Porcupine 4 years, 8 months ago
"America is prospering again?" Listen closely to Sanders. He doesn't lie. The stats he provides are what the real America looks like. The 1% is prospering. The vast majority are struggling, just like here. sweptaway, turn off your TV and do some honest reading. TV is meant for one reason, and one reason alone. To sell things. The airwaves are owned by billionaires. Are you one? The death of both The Bahamas and the US will be because the people have become willfully ignorant and continue to elect rich jackasses who claim to be "Christian" who really couldn't give a damn about anything other than themselves, their donors and their re-election. America is not prospering, unless you mean the stock market. Know how many ordinary Americans own stocks? Probably not, cause you won't see these stats on TV. Please, do some reading and get a grip on reality.
proudloudandfnm 4 years, 8 months ago
Swept, bro, step away from the meth....
BONEFISH 4 years, 8 months ago
Bernie Sanders can not win the democratic party nomination.An analyst on CNN basically said so.The fire wall created by the centrist bloc in the democratic party in the 1980's held on super Tuesday.He has not much support among key factions in the party like African Americans,white southerners and blue collar workers.
Porcupine 4 years, 8 months ago
Bonefish, All this tells us is that people need to be educated.
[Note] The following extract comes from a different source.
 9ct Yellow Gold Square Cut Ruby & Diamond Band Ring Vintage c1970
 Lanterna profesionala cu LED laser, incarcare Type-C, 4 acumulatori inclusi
Just what the rich don't want, for if people were educated they would understand that Sanders is the only one who has all of the groups you mentioned in his policy interests. Please understand, the US is only working for the fewer. Once people wake up they would understand that the rest of these guys, proven by their records, work for the bankers and the richest. They do not represent the vast majority of people. It does boil down to education. Just what the US and The Bahamas is lacking. Wonder why?
proudloudandfnm 4 years, 8 months ago
Anyone but trump!!!! That is the only mission....
longgone 4 years, 8 months ago
The Donald has no worries--He will cruise in November----Take that to the bank!
longgone 4 years, 8 months ago
The Donald has no worries---He will cruise in November---Take that to the bank!